++++ DATA SHOWN ++++

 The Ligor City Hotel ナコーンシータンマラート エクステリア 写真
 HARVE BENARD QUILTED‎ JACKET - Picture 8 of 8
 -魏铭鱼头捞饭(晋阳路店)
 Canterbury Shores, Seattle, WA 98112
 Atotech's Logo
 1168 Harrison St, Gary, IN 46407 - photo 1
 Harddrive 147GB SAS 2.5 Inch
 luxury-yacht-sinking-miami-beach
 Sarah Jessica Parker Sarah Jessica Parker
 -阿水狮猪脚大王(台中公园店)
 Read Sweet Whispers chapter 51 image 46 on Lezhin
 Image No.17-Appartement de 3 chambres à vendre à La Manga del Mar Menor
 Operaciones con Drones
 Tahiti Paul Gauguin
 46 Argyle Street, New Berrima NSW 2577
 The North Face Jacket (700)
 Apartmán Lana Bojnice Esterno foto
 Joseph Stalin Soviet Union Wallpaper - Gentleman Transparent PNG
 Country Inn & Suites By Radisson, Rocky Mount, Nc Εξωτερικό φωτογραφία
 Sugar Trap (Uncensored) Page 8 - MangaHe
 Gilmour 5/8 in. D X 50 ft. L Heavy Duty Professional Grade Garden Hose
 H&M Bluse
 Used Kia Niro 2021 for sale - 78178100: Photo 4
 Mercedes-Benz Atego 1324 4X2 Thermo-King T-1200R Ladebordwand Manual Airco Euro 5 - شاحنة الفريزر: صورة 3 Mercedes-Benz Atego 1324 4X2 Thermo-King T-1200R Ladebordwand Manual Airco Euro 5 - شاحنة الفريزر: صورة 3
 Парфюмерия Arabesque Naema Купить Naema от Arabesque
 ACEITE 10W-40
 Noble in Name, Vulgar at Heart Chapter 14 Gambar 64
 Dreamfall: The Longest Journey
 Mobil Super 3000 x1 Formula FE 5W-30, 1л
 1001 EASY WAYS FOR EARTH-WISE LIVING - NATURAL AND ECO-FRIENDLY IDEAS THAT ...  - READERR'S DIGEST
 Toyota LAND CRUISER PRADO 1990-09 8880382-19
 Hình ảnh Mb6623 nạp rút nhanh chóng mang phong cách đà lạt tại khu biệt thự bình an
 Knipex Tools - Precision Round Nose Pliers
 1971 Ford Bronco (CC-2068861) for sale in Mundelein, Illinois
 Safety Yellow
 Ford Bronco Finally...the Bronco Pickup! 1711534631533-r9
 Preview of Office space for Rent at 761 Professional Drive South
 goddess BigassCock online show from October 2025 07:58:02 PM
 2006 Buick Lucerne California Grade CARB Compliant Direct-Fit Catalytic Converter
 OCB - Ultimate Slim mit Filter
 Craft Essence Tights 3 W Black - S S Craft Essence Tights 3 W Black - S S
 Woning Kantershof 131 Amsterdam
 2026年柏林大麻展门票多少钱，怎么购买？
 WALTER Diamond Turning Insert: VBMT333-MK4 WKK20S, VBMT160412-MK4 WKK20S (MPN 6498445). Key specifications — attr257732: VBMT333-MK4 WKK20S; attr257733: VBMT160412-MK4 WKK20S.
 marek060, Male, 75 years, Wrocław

++++

**THE PROBLEM:** Where does "Ford" appear in the records above? Copy every line that has it.

**FINISHED EXERCISE:**
 1971 Ford Bronco (CC-2068861) for sale in Mundelein, Illinois
 Ford Bronco Finally...the Bronco Pickup! 1711534631533-r9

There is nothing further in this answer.